I’ve said before how I enjoy the artistry of short films, how they are often abstract performance pieces meant to evoke emotion rather than tell a story. Well, An Entanglement is different. It definitely has a story and oh wow does it tell it.
I don’t want to give away any spoilers, as the film is only 15 minutes long and you can watch it for yourself below, but the general gist is that a woman is approached in a diner by a man who tells her that her husband has paid him to murder her. He then offers her “the chance of a lifetime.”
As the story arc develops, it is pure Tales of the Unexpected and reminded me so much of the short dramas that played out in that series. The concept is simple but absolutely inspired, building over the course of the 15 minutes and it really suits the short film format as, to pad that single idea out any more would cause it to become convoluted and over-complicated. As it is, it is a vignette on ‘a Day in the Life’ of the assassin because, for me, he is the central character here, not the married couple.
The acting from Sean Bell as the assassin is outstanding! He gives what could be a very clichéd character an air of no-nonsense practicality, of just trying to make a buck and get the job done which, when coupled with the dark and subtle humour in Yancy Berns’ dialogue, makes the assassin superbly engaging and a character that I would love to see developed for a TV series.

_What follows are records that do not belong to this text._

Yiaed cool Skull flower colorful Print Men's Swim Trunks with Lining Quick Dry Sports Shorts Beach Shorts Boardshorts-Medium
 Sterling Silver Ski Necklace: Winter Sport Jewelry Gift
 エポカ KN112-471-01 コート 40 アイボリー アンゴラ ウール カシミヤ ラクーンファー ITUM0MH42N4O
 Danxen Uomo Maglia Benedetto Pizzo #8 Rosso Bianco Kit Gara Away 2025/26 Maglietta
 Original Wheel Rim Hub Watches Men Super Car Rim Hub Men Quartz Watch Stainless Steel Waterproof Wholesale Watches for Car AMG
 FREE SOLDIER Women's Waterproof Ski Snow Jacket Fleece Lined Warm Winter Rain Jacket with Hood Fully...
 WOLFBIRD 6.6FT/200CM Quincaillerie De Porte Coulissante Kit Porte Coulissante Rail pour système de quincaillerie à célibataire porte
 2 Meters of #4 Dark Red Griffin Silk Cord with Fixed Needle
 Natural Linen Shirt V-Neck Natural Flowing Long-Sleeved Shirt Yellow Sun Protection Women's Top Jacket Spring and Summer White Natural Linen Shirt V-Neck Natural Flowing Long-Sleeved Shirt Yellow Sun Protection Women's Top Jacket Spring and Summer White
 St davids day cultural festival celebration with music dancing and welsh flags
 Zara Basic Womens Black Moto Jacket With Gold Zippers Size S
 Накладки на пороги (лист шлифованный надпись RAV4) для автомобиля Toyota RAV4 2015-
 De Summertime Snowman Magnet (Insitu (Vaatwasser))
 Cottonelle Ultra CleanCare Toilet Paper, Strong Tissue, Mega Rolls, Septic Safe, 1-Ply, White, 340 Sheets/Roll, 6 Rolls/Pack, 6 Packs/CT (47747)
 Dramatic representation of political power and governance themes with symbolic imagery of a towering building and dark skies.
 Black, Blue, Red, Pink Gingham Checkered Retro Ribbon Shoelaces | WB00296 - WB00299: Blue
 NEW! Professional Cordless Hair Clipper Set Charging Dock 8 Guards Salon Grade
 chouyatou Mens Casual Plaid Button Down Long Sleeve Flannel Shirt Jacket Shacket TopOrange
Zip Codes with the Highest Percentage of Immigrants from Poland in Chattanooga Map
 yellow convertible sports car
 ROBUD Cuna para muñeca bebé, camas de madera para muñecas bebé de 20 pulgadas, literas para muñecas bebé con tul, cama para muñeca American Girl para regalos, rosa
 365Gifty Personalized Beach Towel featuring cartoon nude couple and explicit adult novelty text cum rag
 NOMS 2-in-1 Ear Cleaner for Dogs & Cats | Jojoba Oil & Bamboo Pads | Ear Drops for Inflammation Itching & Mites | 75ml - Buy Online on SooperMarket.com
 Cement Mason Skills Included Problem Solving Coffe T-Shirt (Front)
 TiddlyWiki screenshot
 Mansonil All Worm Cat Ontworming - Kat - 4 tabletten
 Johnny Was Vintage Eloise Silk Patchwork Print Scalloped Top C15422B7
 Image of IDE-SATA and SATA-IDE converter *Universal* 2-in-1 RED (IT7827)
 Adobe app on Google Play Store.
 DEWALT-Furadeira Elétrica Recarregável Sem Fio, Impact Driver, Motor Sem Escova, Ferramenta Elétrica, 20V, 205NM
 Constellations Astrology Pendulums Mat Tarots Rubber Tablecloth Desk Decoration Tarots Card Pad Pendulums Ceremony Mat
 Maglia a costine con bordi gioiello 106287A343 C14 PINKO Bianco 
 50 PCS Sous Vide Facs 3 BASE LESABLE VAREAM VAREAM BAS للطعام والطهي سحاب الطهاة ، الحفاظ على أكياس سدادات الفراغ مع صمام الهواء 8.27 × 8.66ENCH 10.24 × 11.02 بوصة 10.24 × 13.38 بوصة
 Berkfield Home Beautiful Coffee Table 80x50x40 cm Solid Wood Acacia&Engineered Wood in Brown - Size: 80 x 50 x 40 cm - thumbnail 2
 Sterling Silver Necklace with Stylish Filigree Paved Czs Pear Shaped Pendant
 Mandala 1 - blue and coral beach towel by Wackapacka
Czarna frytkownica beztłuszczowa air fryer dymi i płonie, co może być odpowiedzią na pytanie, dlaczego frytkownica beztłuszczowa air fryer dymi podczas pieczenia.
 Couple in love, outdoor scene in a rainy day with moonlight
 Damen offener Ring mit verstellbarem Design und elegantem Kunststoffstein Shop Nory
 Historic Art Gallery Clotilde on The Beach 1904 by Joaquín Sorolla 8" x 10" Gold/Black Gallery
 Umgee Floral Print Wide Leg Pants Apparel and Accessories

However, all three of the characters are incredibly well developed in such a short time. I immediately got the feeling that the couple pretty much deserved the relationship they had. The woman, Violet, played by Shiri Appleby, came across well as vindictive rather than desperate, which is a fine line to tread, and the man, Rick, played by Gary Wolf, manages to be thoroughly dislikeable without doing anything wrong at all; other than taking a hit out on his wife that is. The chemistry between them is tangible, even though they are never on screen together, and they provide the perfect supporting cast.
The other thing I must mention is the “look” of the film. It’s easy to see that the director Dylan Sanford comes from a background in Art and Camera departments as his use of colour and framing of shots adds an old-school feel to the film. In fact the whole production of the film, complete with an atmospheric score by Lucas Putnam, oozes a classic quality that you wouldn’t expect from a fairly low budget short.
It’s very fitting that the song, performed by Amy Milan, over the enchanting credit sequence at the end is sung in French because this film had a definite continental feel about it, reminiscent of one of my favourite films, Man Bites Dog. Whether it’s the incredible concept, the wonderfully pragmatic characters, the carpet or the beautiful, beautiful cinematography that gives it that Gallic edge I don’t know but whatever it is, it works. If you haven’t watched any short films before, this is a fine place to start.